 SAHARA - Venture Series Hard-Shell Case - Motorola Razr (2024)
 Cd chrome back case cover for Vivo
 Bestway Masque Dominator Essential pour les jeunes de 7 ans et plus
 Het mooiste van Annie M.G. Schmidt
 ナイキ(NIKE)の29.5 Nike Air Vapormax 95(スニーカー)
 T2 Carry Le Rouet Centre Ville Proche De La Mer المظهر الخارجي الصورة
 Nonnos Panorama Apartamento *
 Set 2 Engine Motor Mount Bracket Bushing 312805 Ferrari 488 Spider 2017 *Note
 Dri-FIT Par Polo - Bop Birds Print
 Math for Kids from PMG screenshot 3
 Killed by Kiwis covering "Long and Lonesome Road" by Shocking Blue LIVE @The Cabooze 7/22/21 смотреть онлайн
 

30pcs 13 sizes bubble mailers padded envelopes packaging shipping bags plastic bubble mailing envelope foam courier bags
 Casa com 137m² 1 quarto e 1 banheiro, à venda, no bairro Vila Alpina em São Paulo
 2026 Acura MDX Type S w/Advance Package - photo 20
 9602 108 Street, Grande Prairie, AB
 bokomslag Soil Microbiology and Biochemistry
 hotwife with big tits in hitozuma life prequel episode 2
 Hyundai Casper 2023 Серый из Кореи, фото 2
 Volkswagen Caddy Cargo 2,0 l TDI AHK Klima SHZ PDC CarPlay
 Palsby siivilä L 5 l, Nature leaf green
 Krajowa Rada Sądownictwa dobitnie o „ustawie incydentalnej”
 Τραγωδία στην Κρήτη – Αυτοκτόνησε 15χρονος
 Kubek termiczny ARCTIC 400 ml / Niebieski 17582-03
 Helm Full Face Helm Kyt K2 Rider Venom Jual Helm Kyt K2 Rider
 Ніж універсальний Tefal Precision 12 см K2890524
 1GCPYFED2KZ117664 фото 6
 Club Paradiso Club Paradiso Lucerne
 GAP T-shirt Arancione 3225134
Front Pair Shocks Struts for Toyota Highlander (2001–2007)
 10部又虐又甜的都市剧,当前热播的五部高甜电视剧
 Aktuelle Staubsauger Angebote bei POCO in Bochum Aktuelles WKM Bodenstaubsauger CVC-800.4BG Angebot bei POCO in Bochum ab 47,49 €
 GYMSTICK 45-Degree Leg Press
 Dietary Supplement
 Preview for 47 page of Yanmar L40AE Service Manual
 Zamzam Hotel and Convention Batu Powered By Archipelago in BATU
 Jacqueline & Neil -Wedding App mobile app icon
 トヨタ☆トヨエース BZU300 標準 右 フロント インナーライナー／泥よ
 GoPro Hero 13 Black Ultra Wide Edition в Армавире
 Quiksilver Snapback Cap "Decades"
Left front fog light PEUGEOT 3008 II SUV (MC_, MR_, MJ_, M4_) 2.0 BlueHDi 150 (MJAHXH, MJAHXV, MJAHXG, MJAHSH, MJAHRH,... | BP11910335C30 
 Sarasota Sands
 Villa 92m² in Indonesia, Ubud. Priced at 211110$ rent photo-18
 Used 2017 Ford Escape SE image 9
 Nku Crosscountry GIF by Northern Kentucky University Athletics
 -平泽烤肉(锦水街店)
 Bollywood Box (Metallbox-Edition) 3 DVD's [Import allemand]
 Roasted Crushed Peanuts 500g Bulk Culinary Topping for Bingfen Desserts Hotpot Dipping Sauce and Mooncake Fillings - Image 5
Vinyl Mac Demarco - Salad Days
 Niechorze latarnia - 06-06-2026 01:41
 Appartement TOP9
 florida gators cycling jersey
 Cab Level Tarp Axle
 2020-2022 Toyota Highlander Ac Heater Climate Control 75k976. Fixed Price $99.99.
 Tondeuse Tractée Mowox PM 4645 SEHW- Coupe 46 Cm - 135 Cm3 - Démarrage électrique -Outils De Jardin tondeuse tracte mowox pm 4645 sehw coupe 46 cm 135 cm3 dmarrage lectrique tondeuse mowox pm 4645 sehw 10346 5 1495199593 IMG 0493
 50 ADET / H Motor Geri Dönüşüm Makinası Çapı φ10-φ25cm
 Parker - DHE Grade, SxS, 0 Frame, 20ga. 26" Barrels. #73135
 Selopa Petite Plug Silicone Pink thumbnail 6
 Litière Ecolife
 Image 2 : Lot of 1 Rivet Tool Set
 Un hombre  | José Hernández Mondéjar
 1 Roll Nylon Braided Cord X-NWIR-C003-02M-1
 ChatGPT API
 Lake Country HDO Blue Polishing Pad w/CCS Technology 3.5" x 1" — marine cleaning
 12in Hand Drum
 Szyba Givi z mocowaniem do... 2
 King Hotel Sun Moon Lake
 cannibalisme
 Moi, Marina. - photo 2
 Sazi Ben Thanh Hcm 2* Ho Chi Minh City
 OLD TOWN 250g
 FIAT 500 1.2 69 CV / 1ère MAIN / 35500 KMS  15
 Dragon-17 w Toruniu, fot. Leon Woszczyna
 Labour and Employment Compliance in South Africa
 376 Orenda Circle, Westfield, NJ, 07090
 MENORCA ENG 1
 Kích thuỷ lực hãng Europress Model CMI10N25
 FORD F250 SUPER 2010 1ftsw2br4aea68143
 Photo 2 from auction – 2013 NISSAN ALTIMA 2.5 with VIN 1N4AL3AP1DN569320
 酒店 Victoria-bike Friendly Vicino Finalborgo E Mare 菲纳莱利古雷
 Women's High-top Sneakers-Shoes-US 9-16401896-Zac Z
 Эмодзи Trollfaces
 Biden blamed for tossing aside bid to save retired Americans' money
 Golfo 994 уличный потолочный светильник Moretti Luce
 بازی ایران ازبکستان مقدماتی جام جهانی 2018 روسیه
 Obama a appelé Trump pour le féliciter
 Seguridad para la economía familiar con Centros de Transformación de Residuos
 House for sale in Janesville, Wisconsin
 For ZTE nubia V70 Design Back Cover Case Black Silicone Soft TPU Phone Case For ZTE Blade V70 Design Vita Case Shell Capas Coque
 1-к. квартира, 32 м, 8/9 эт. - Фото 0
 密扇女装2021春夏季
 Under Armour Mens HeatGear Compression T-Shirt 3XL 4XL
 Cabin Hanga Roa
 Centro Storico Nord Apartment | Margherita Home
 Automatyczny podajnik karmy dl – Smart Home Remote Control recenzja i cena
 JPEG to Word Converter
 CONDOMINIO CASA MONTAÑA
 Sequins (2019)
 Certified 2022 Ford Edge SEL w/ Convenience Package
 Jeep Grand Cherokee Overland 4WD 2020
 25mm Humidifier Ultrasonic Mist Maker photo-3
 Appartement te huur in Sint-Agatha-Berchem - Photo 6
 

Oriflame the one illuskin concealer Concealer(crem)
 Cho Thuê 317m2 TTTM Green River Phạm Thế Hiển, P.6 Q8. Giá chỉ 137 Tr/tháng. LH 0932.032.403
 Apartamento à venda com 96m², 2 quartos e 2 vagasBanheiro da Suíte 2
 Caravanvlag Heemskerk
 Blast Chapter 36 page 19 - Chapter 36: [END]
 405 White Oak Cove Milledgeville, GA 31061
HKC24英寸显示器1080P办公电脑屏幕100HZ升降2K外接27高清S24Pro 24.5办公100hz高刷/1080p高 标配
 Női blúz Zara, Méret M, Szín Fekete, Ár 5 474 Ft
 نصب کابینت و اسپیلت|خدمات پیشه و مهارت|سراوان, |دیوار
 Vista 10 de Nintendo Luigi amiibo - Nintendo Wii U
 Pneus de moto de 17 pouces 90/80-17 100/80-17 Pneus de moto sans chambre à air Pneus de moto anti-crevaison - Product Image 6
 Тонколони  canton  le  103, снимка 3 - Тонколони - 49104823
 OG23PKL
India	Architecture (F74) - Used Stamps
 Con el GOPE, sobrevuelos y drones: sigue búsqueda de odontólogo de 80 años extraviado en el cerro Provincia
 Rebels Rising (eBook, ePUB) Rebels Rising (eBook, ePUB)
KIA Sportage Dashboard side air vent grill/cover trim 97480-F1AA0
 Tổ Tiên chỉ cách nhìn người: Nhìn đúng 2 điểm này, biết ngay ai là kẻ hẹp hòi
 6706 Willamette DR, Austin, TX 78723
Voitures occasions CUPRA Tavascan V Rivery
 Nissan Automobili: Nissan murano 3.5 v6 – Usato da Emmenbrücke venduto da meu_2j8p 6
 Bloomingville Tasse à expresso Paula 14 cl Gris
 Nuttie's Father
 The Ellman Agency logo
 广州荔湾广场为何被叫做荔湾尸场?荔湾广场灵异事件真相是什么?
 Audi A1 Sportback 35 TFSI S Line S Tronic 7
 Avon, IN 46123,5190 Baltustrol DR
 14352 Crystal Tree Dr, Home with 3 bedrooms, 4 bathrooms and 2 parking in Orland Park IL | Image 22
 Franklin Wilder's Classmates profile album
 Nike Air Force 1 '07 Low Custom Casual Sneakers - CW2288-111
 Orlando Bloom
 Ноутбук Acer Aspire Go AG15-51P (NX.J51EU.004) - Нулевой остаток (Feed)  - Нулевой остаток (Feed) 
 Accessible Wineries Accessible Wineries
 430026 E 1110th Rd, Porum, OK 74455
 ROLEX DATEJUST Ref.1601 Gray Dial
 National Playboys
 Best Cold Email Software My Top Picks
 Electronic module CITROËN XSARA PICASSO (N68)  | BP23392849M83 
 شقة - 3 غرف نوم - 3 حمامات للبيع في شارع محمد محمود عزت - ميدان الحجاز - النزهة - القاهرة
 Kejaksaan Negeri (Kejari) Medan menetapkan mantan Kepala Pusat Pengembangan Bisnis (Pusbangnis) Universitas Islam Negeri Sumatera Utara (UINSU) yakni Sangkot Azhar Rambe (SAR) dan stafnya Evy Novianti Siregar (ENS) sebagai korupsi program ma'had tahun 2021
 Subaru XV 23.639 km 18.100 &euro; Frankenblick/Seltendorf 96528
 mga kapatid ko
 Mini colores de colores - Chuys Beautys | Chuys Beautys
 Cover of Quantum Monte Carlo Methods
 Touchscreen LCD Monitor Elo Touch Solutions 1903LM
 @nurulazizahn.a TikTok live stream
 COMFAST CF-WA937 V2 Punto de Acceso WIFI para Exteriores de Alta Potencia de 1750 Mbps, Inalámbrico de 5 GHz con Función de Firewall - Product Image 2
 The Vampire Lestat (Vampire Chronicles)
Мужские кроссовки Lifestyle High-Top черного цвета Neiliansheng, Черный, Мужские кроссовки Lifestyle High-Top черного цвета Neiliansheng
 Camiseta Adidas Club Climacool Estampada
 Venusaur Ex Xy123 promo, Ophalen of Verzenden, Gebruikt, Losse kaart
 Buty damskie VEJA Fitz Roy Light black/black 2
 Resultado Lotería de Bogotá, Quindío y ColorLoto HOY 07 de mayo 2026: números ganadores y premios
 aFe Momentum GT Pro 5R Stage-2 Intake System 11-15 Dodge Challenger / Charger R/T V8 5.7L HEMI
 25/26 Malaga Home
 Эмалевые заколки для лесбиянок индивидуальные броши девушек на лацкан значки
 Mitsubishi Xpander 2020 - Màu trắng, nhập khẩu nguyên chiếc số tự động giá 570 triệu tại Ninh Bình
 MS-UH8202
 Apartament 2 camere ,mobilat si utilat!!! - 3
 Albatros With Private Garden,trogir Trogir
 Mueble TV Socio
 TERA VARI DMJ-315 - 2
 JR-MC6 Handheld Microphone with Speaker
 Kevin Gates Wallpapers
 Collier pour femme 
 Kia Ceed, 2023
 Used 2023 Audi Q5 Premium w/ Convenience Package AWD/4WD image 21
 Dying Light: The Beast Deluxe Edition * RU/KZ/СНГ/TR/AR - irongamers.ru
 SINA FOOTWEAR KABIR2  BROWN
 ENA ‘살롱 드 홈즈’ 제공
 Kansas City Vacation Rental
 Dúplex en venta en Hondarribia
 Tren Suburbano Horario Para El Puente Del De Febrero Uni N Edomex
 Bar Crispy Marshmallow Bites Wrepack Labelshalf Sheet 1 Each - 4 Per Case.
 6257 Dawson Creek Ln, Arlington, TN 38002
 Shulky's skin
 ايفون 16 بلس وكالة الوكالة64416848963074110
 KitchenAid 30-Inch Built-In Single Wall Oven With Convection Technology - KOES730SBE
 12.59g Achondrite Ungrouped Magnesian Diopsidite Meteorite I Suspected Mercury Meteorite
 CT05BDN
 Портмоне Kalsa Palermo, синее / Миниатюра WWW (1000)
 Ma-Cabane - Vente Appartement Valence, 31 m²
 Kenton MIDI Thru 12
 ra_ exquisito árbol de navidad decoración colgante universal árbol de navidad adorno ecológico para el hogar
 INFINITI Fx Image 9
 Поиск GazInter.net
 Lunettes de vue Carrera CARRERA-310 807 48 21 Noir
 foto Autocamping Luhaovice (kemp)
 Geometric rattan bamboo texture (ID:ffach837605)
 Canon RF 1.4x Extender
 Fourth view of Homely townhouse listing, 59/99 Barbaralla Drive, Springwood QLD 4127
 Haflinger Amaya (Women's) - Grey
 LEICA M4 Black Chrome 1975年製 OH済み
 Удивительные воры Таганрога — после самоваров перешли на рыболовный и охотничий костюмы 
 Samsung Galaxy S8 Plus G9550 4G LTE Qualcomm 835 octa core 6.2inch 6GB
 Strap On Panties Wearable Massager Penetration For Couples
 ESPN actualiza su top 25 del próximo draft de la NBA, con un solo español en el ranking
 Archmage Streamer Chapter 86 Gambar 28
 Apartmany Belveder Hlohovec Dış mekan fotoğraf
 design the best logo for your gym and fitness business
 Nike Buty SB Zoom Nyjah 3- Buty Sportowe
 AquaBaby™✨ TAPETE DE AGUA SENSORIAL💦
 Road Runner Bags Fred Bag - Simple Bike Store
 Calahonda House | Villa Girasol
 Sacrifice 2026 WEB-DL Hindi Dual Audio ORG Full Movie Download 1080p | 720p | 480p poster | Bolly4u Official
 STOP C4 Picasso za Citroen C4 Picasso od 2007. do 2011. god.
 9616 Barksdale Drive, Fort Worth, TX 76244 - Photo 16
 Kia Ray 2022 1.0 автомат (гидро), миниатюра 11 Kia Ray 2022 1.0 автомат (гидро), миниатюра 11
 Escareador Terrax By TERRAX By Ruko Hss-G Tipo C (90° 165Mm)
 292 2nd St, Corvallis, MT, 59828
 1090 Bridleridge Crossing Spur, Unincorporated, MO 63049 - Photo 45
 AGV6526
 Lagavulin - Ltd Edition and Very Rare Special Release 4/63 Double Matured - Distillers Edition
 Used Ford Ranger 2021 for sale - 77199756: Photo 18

::::::::

Exercise requirements ::
In the records above, the line with "FORD F250 SUPER 2010 1ftsw2br4aea68143" marks the start and the line with "密扇女装2021春夏季" marks the end; copy that stretch exactly, both lines included, and nothing else.

Answer section ::
 FORD F250 SUPER 2010 1ftsw2br4aea68143
 Photo 2 from auction – 2013 NISSAN ALTIMA 2.5 with VIN 1N4AL3AP1DN569320
 酒店 Victoria-bike Friendly Vicino Finalborgo E Mare 菲纳莱利古雷
 Women's High-top Sneakers-Shoes-US 9-16401896-Zac Z
 Эмодзи Trollfaces
 Biden blamed for tossing aside bid to save retired Americans' money
 Golfo 994 уличный потолочный светильник Moretti Luce
 بازی ایران ازبکستان مقدماتی جام جهانی 2018 روسیه
 Obama a appelé Trump pour le féliciter
 Seguridad para la economía familiar con Centros de Transformación de Residuos
 House for sale in Janesville, Wisconsin
 For ZTE nubia V70 Design Back Cover Case Black Silicone Soft TPU Phone Case For ZTE Blade V70 Design Vita Case Shell Capas Coque
 1-к. квартира, 32 м, 8/9 эт. - Фото 0
 密扇女装2021春夏季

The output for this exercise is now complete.